Reference pricing combined with transparent tool lower expenditures on common lab tests
A new study in
JAMA Internal Medicine found that the use of “reference pricing” for common diagnostic laboratory tests can cut employers' health care expenses and employees' out-of-pocket costs for those tests. Under reference pricing, a health plan or employer sets a maximum reimbursable dollar amount for a medical service. Enrollees who select a service at or below that amount pay the usual deductible or co-payment, and those that select a service above that amount pay the difference. The study looked at effects of reference pricing by a large grocery organization. The reference pricing applied to 285 common diagnostic lab tests for non-urgent medical needs. The percentage of employees who used higher-priced labs dropped to 15.6 percent by 2013 from 45.6 percent in 2010, and the company and its employees saved an estimated $2.6 million on common lab tests from 2011 through 2013
Value-Based Reimbursement
Medicare invites 57 health plans to participate in new Comprehensive Primary Care Plus demo
The
Centers for Medicare & Medicaid Services selected 14 regions where the agency will test its new Comprehensive Primary Care Plus, or CPC+, value-based reimbursement program, and it's invited 57 health plans serving those regions to join Medicare as its private-sector partner in the five-year initiative. Under the program, which CMS says will attract as many as 5,000 primary-care practices, Medicare will pay doctors additional per beneficiary per month fees based on how well they perform on five functions: access and continuity of care; care management; comprehensiveness and coordination; patient and caregiver engagement; and planned care and population health. Eligible practices have until Sept. 15 to apply for the program.

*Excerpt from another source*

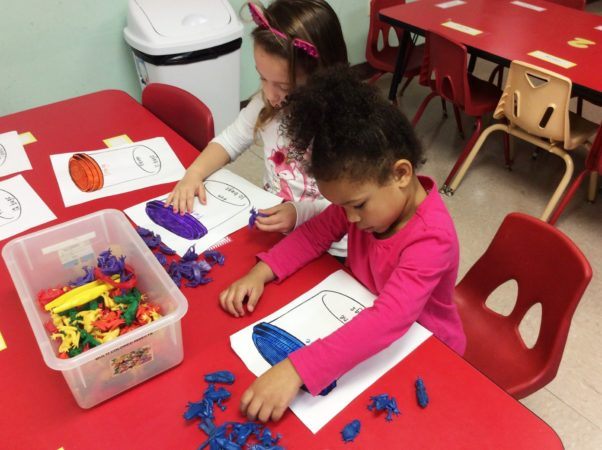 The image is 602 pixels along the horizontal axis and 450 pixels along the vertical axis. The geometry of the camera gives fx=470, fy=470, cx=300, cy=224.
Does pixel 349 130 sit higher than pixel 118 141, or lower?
higher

Health plans have yet to adopt value frameworks for making drug coverage determinations
None of 11 major health plans surveyed by
Avalere Health are using any of four publicly available value frameworks to make prescription drug coverage decisions. Value frameworks are formulas that assess the value of prescription drugs based on a number of variables, including clinical benefits, side effects, improvements in patients' quality of life and cost. In a new report, the consulting firm said it interviewed medical and pharmacy directors at the 11 health plans. All of the interviewees said they were aware of the availability of the value frameworks, yet none said their health plans were using them, and most said they have no plans of using them a year from now. Directors considered value frameworks to still be “early in their development,” and their health plans “would like to see the provider community embrace these frameworks before formally adopting them in their decision-making process.”